Before we set off, I checked on the pigs to make sure they were ok and not stressed out by their bumpy start. As I peered through the air vents they seemed pretty much unfazed by it all. They were snorting away, snuffling in the straw, no doubt checking that their bedding wasn’t hiding any stray food-pellets! So off we set, the journey took about an hour and all went smoothly, despite it being a very wet and windy morning.
As we drove into the farm where the abattoir is located, I was surprised to see a lovely detached house at the entrance and a couple more nice houses down the lane, one in fact right by the abattoir building itself. I assumed that the people who own and work at the abattoir live there, but it was odd to think that anyone would want to live that close to that sort of establishment. But at the same time, it was also quite comforting, as it made me think that it can’t be that bad an environment, if people are living on the doorstep.
We had to wait a few minutes in the yard, as there was already another person with their trailer backed up against the entrance, but soon enough we were reversing our trailer up to the doors. When I got out, I expected the place to smell of blood and meat (like a butchers sometimes does) but it didn’t, it was all quite normal and clean and the radio was playing in the background.
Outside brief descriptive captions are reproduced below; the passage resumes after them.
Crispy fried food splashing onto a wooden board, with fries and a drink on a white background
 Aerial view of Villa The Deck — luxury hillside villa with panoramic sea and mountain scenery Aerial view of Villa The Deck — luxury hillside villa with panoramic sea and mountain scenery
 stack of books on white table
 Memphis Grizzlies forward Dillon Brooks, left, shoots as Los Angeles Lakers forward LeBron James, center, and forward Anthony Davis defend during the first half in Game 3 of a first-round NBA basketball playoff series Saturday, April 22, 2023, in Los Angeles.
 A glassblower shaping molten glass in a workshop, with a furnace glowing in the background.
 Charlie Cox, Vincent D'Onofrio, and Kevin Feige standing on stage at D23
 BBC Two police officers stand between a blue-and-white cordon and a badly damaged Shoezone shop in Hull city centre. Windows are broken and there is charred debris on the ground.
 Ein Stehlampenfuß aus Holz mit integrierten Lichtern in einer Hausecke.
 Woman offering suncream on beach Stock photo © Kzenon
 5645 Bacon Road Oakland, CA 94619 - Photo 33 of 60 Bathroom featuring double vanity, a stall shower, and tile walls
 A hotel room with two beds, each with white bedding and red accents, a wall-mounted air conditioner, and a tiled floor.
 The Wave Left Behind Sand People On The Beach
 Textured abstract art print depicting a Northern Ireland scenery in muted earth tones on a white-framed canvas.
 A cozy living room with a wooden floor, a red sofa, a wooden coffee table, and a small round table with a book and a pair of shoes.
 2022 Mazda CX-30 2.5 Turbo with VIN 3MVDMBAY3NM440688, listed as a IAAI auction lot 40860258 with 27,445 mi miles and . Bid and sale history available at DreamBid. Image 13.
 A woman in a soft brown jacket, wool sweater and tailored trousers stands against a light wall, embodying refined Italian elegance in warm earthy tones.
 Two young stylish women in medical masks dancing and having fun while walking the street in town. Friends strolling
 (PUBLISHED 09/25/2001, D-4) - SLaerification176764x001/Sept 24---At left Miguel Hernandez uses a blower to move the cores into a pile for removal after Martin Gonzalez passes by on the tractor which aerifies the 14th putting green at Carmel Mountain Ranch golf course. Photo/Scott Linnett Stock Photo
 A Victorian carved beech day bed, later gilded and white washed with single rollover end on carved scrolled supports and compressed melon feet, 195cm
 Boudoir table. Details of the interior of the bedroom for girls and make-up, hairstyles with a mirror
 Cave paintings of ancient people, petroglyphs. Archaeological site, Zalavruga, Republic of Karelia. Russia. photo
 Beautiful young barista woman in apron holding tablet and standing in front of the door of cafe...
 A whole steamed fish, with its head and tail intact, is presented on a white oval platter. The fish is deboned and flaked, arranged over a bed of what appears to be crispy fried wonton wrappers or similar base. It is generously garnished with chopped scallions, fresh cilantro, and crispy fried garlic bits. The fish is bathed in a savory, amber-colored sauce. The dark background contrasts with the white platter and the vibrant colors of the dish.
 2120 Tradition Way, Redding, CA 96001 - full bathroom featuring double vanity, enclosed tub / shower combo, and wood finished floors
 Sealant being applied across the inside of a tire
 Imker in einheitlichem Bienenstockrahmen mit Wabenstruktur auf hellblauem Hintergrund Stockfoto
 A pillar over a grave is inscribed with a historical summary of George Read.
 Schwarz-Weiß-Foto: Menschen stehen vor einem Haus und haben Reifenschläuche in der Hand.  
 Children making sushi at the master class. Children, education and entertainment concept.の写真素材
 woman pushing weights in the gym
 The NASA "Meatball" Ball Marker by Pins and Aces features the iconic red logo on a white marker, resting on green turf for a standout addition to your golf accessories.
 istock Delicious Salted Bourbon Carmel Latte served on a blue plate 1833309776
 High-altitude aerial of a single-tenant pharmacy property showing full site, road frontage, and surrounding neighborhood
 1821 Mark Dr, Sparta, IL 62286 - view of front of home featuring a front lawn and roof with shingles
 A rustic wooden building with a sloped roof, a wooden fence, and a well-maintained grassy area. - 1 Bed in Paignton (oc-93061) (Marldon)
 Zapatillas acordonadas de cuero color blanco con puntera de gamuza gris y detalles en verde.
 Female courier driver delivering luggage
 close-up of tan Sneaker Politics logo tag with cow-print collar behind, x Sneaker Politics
The main guy in charge came up and happily greeted us and helped encourage the girls out of their trailer. Noses to the ground, they were curious as to their new surroundings, but with some gentle coaxing, they made their way down to the holding pen without too much fuss. The guy even said that he much preferred pigs to sheep, which made me think we were his favourites so far that morning. After a quick exchange of paperwork, a brief chat about what cuts of meat we wanted back and some smalltalk with a couple of the other guys that worked there, we agreed that I would pick up all the meat at the same time in about a week. This is because bacon takes longer to process and cure, and is also the bit we missed out on last time (because those pigs were too small), so we wanted to make sure that bacon was on the list this time!
Mondays are a busy time for the abattoir as that is generally when people drop off their livestock. The last Monday in December is again probably busier than usual, with only a few weeks left before Christmas. The abattoir asks that you arrive before 09.30hrs, and even with our mishap we arrived a good 45 minutes before then. As we drove off, there was a queue of about 6 more vehicles all with trailers and livestock, so we certainly picked the right time to get there else we could’ve been waiting a while, so you definitely would want to get there early to avoid queues.
And that was it. The process was fairly seamless and non-traumatic for both myself and the pigs. I had all the paperwork prepared beforehand, with everything now done online with the EAML2 system, which you use to notify the movement of your animals. I brought along a piece of paper with what cuts of meat I wanted, and the whole process probably took about 15 minutes, if that.
I tried not to think about the next stage too much, but I know from my research that it’s relatively quick and painless and just another part to the process of raising animals for food.
I feel surprisingly ok. I don’t feel as bad as I did last time, although there is always a tinge of sadness, but I try not to dwell on that. I like to remember them in their woodland, never wanting for anything and being appreciated not only in life, but also in death. Feeding us and our family and friends, and feeling confident knowing exactly the process that’s been involved in their journey at every stage. Knowing where my food has come from, how it’s been treated, what it’s eaten, knowing it’s been happy and appreciating the sacrifice it’s given. Not a lot of people can say that and I’m proud of what we have achieved and hope we can continue to do the same in the future.